I tell you all this to tell you it certainly wasn’t what I expected. It wasn’t what I planned. But, it worked. By Christmas (about three months later), I had pumped every two hours for long enough that I was able to completely feed her milk without formula. I maintained that for a year! A whole entire year! It was twice as long as I had set out to do. Maybe that’s why I needed to pump. Maybe that was God’s plan.
It wasn’t what I expected. It was hard. It was exhausting. I had times I wanted to throw that pump out the window. I HATED getting up when everyone else was asleep (including my baby) and hooking up to that machine. I hated washing the bottles. I hated washing the pump parts. I hated having to put my baby down instead of taking extra snuggle time because I had to pump.
But, at the same time I loved it. I loved seeing those little thighs get chubby. I loved seeing her smile (once she started smiling) when she got her bottle. I loved looking deep into her eyes as I fed her. The kid never once held her bottle on her own. She was eventually fully capable, but she was just never interested. And that was OK with me. It was our time. We weren’t bonding like I had thought we might with her breastfeeding, but we were bonding nonetheless. And she was growing. And she was healthy. And she was strong. And she was beautiful. And she was perfect. And she was worth it.

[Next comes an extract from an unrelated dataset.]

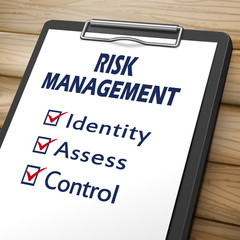 risk management clipboard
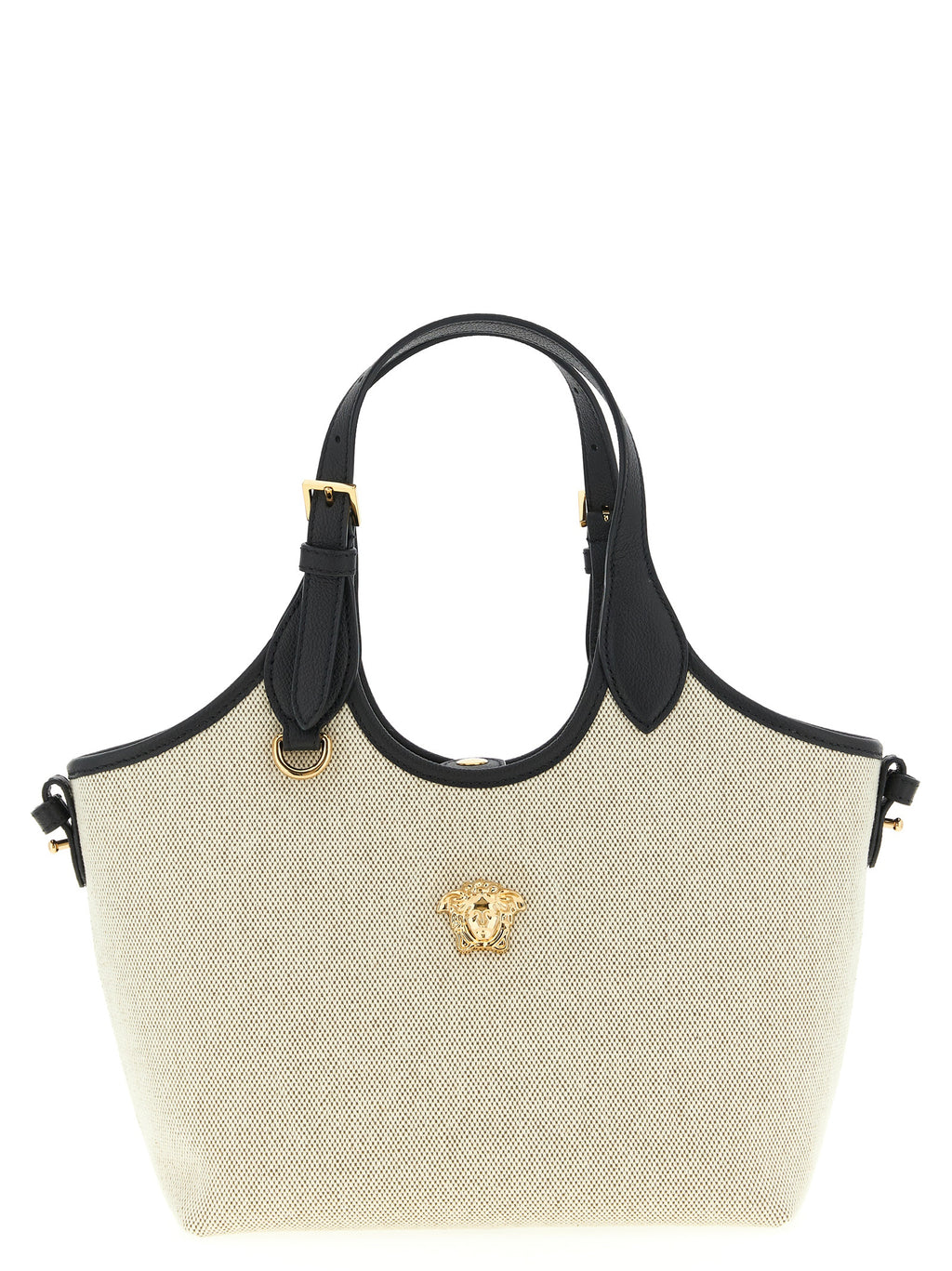 Versace Beige Cotton Tote Bag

I look at her now — at my vivacious 2-year-old — and I’d do it again. It was unexpected. This motherhood journey is quite unexpected. Heck, even just looking at her and seeing what I see is unexpected. Having brown hair and brown eyes and being married to a man with black hair and hazel eyes, I never dreamed I’d look at redhead with blue eyes and call her mine. Motherhood is full of surprises and the unexpected. Some of it is good. Some of it is bad. And some of it just is.
I think the biggest challenge is to get over what we expected. To let go of what we had planned and just enjoy and appreciate what we have. I’ve been thinking about that a lot. I had thought I was 100 percent reconciled to the fact that I ended up having to exclusively pump. I thought I had dealt with those emotions of disappointment, sadness and frustration. They’ve been bubbling up as I’m working on this article. And that’s OK. It’s a grief process sometimes to let go of what we expected from life and move on. But, that’s what we need to do. We need to move on. While we don’t want to get stuck in the past, neither should we get stuck in what we expected. I don’t think any adult on this planet would ever tell you his life turned out as he had planned. And that’s OK. If my life went exactly how I’d planned, I’d have missed out on some good things along the way. I’d have missed some lessons. And I sure as heck wouldn’t appreciate the good times nearly as much as I do for having been through the hard ones.